SEAS researcher says she faced months of discrimination before firing

A research engineer is suing the University for unjustly firing her after she told top officials that she had faced months of racial and gender discrimination.

Inja Youn, a 51-year-old woman from Korea, claims that the dean of the School of Engineering and Applied Science, David Dolling, denied her a promotion after he and other officials ignored her complaints of a hostile work environment.

Throughout Youn’s three years at GW, she said her colleagues called her a communist and said she “look[ed] like a ninja.” And as the only woman in her Tompkins Hall office, she said her male colleagues would allegedly curse at her and “regularly try to rub [her] shoulders or hug her.”

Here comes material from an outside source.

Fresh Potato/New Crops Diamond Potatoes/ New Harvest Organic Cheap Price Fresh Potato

She twice tried to take her case to the U.S. Equal Employment Opportunity Commission and the D.C. Office of Human Rights, but the agencies did not find evidence that the University had violated federal labor laws.

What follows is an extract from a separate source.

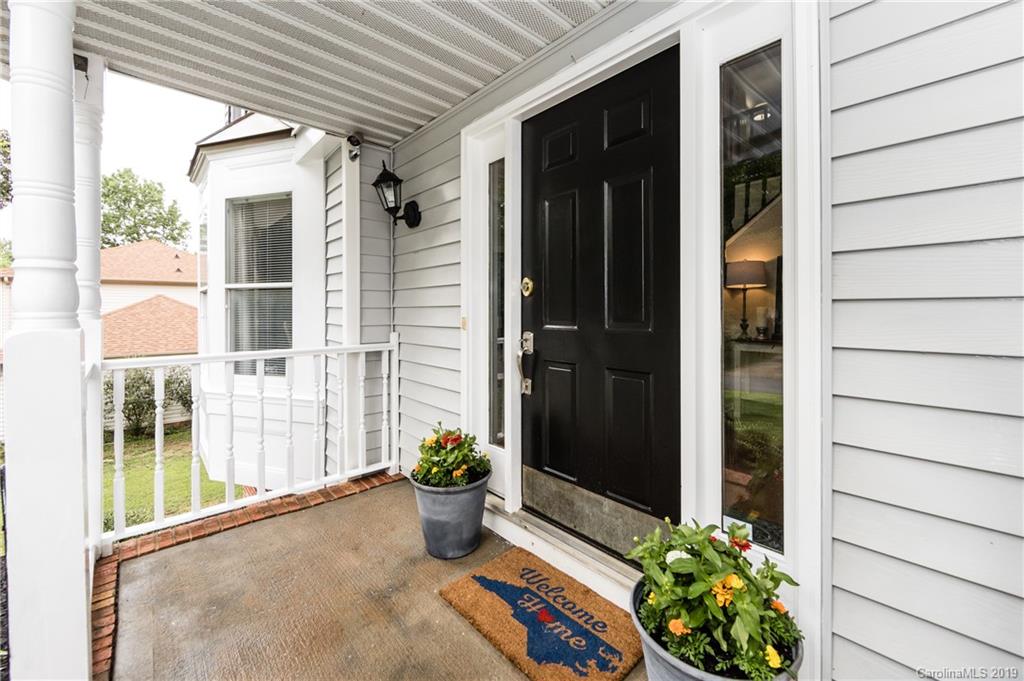 2641 Whisper Ridge Lane Matthews NC 28105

She said she brought multiple complaints to her supervisor, Eric Noriega, who was then the SEAS computing director. But she claims Noriega “did nothing to fix the situation.”

In January 2011, she took her complaints to the University’s equal opportunity office, where she said she learned that others had complained about Dolling’s “biased management” over the last two years.

A month later, she had a meeting with Sabrina Ellis, the University’s vice president for Human Resources, who accused Youn of lying about pretending to be sick to miss work, according to Youn’s complaint.

The following year when she was denied promotion, Youn claims that a staff member in the department’s finance office told her that GW “will never select an Asian woman” for the job.

The University instead chose Raoul Gabiam, who previously worked as GW’s IT manager. Youn said she told her new boss that she did not feel safe in the office, but said Gabiam ignored her.

Gabiam and four security guards came to Youn’s office in March 2013 to fire her for “failure to follow directions, failure to report to her workplace as directed” and “insubordinate behavior,” when Gabiam allegedly tossed the termination letter in Youn’s face and cleared her personal items off her desk.

She is asking for more than $5,000 in compensation for lost earnings, emotional distress, embarrassment and “loss enjoyment of life.” Youn also wants the court to order GW to reinstate her as a research associate.

University spokesperson Michelle Sherrard said GW does not comment on pending litigation. Youn and her attorney did not return requests for comment.